Auf einen noch höheren Umsatz-Multiplikator kommt Parkn’Sleep. Das Luzerner Start-up erzielte 2022 einen Nettoumsatz von 28’000 Franken und weist eine Firmenbewertung von 3,5 Millionen Franken aus. Das ergibt einen Umsatz-Multiplikator von 125. Auch die Camper-Plattform rechnet mit stark steigenden Einnahmen: Fürs laufende Jahr sind 189’000 Franken angepeilt; in den Jahren 2024 und 2025 sollen es dann bereits 0,9 Millionen und 2,6 Millionen Franken sein.

Eine nicht ganz so steile Wachstumskurve verspricht die vegane Glacemarke Nanimale. Durch den Verkauf der Aktien wird die Zürcher Jungfirma mit 2,4 Millionen Franken bewertet. Gemessen am Umsatz von 2022 kommt die Firma somit auf einen Multiplikator von 19. Dieser dürfte heute bereits tiefer liegen, da Nanimale im ersten Quartal 2023 den Umsatz von 2022 verdoppelt hat. Erreicht die Firma das Umsatzziel von 1,1 Millionen fürs laufende Jahr, würde der Umsatz-Multiplikator auf 2 sinken.

Bewertungen der Start-ups werfen Fragen

Die zum Teil sehr hohen Bewertungen der Start-ups werfen Fragen auf. Besteht die Gefahr, dass Investoren viel zu viel für die Aktien bezahlen – zumal die Bewertungen von Start-ups wegen steigender Zinsen deutlich gefallen sind? Dazu muss man wissen: Oomnium operiert als Crowdinvesting-Plattform in einem unregulierten Bereich des Finanzmarkts. Die Plattform besitzt keine Bewilligung der Finma, wie ein Sprecher der Behörde auf Anfrage mitteilt.

Rea Eggli von der Oomnium-Plattform sagt: “Voraussetzung für eine Kampagne bei uns ist eine unabhängige, externe Plausibilitätsprüfung des Angebots.” Dieser Prüfbericht müsse bei einem Crowdinvesting publiziert werden. Es ist allerdings den Firmen überlassen, welche Geschäftszahlen sie veröffentlichen wollen. Sie entscheiden, ob sie nur den Umsatz zeigen oder auch eine Erfolgsrechnung und Bilanz offenlegen wollen. Wichtig ist zudem: Die Plausibilitätsprüfung liefert keine Einschätzung, ob die Wachstumsziele realistisch sind oder nicht.

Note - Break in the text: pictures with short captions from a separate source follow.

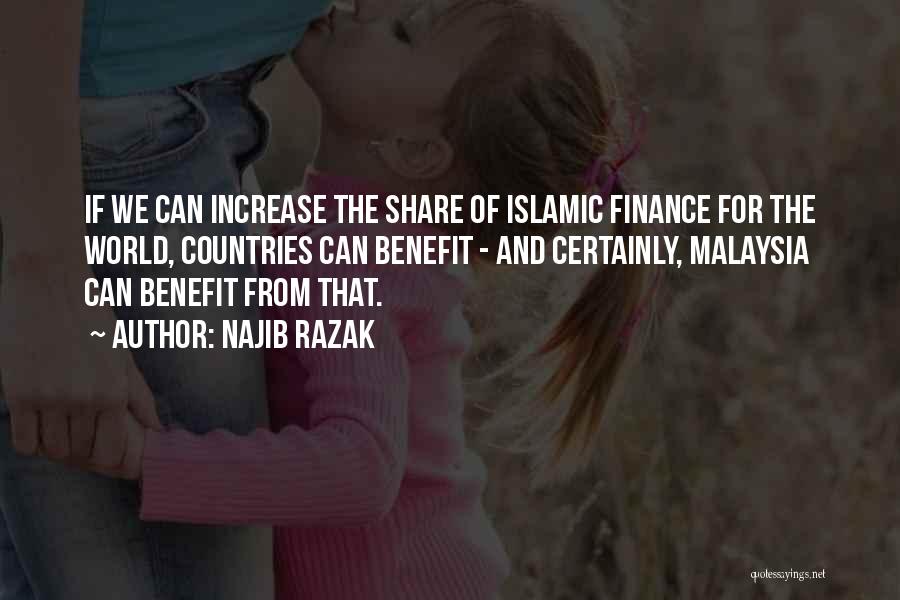 Najib Razak Quotes: If We Can Increase The Share Of Islamic Finance For The World, Countries Can Benefit - And Certainly, Malaysia Can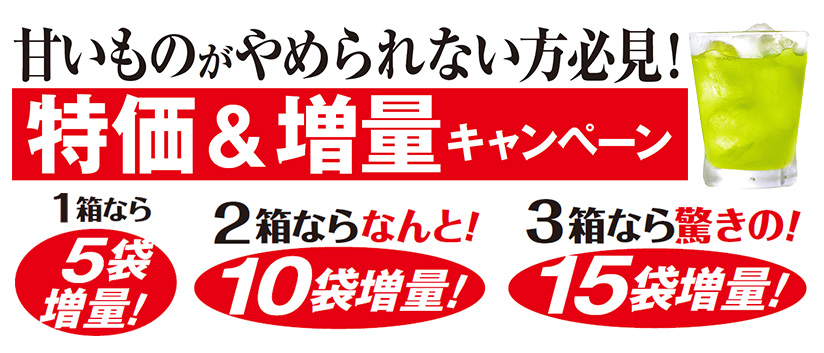 甘いものがやめられない方必見! 特価&増量キャンペーン 1箱なら5袋増量! 2箱ならなんと!10袋増量! 3箱なら驚きの!15袋増量!
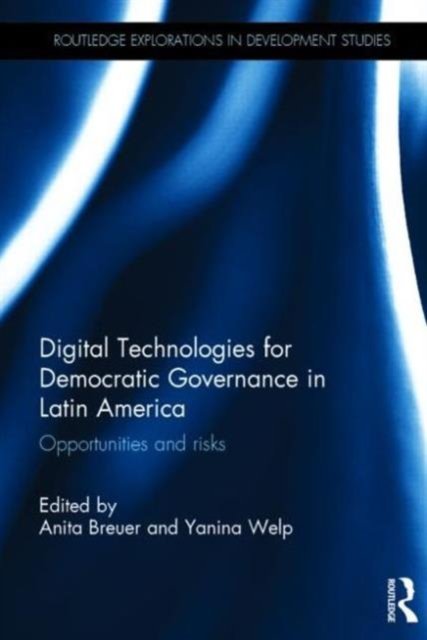 Digital Technologies for Democratic Governance in Latin America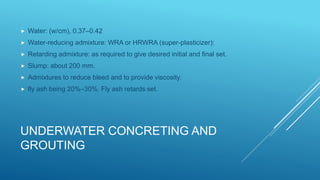 UNDERWATER CONCRETING AND
GROUTING
 Water: (w/cm), 0.37–0.42
 Water-reducing admixture: WRA or HRWRA (super-plasticizer):
 Retarding admixture: as required to give desired initial and final set.
 Slump: about 200 mm.
 Admixtures to reduce bleed and to provide viscosity.
 fly ash being 20%–30%. Fly ash retards set.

Eggli sagt dazu: “Den Unternehmen empfehlen wir, ihre Zahlen möglichst transparent zu publizieren, damit sich die interessierten Anleger entsprechend informieren können.” Und sie ergänzt: “Während Parkn’Sleep und Nanimale ihre letzten Abschlüsse im Rahmen der Kampagne veröffentlichen, geben Yamo und ElleXX den Investorinnen und Investoren Einblick auf Anfrage.”

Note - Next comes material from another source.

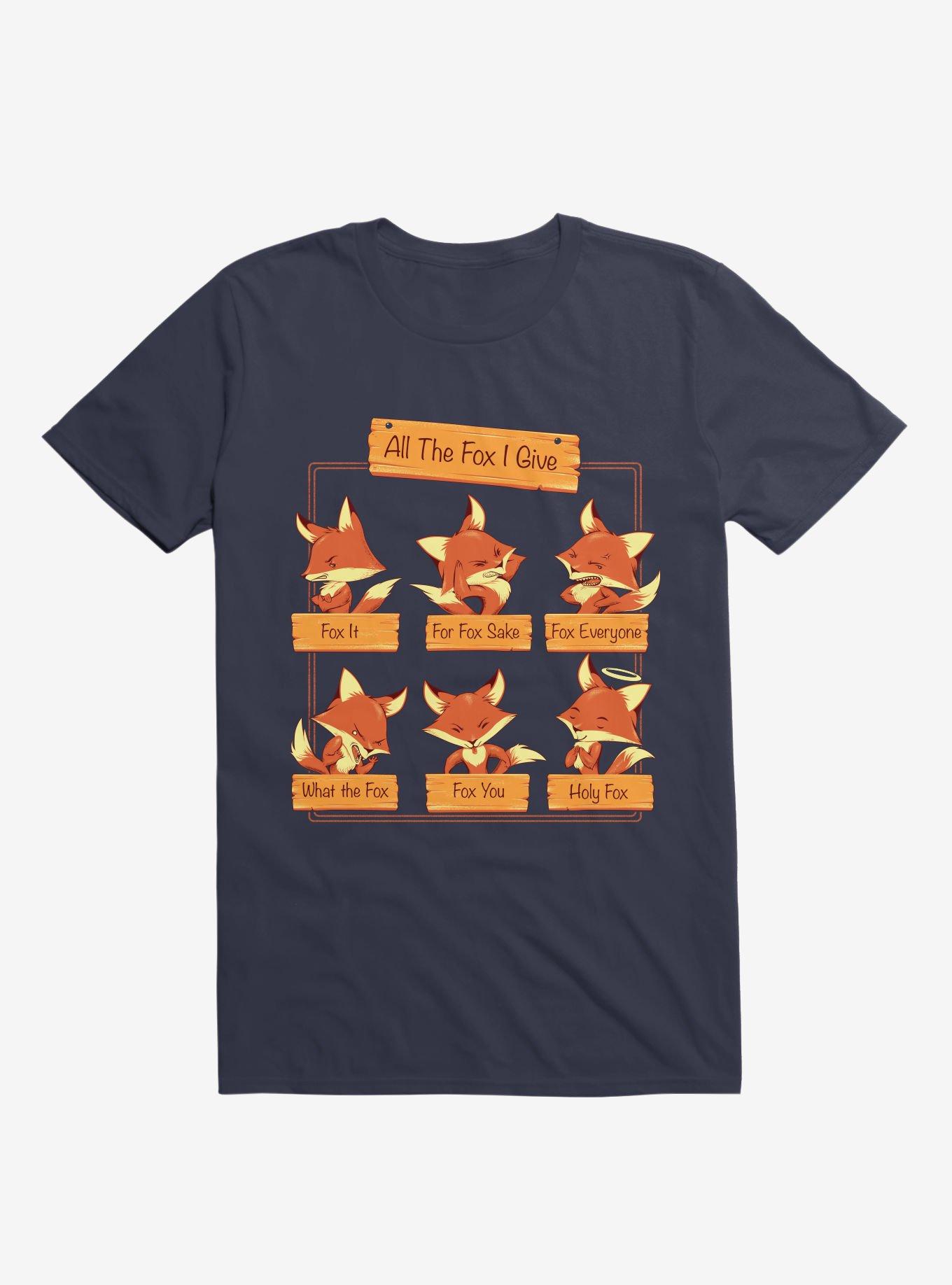 All The Fox I Give Navy Blue T Shirt T Shirt Trending US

Lukas Imhof, CEO von Parkn’Sleep, sagt: “Für Investoren, die in eine digitale Plattform investieren, ist Transparenz das Wichtigste. Deshalb war für uns klar, so viel wie möglich offenzulegen.” Im Fall von Parkn’Sleep waren es eben Bilanz und Erfolgsrechnung.

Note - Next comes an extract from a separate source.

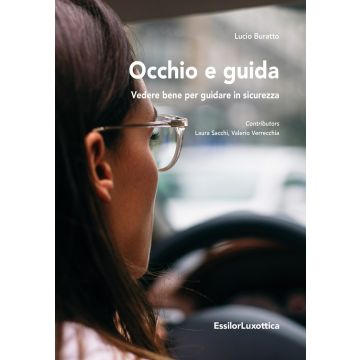 Occhio e guida. Vedere bene per guidare in sicurezza (Buratto Lucio;Sacchi Laura;Verrecchia Valerio - Fabiano editore)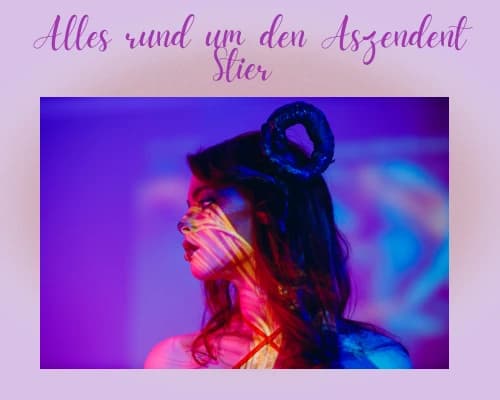 Aszendent Stier – Bedeutung, Berechnung, Eigenschaften + Tabelle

Eine Anfrage, warum ElleXX “nur” den Umsatz veröffentlicht und nicht zusätzlich weitere Finanzkennzahlen, liess ElleXX-CEO Patrizia Laeri unbeantwortet. Ebenfalls keine Auskunft gab Laeri auf die Frage, warum ElleXX sich neuerdings als Fintech bezeichnet. Als das Unternehmen Ende Oktober 2021 startete, bezeichnete es sich als “unabhängige Finanz-Medien-Plattform für Frauen”. Klar ist, dass ein Fintech in der Start-up-Welt höher bewertet wird als ein Medienunternehmen.

Transparenz scheint sich auf Oomnium auszuzahlen. Sechs Tage vor dem Ende des Crowdinvestings haben Parkn’Sleep und Nanimale ihr Minimalziel um 56 und 37 Prozent übertroffen. ElleXX liegt aktuell 16 Prozent über dem Minimalziel. Schwieriger sieht es für Yamo aus: Die Babynahrungsfirma konnte erst die Hälfte der angepeilten Summe einnehmen.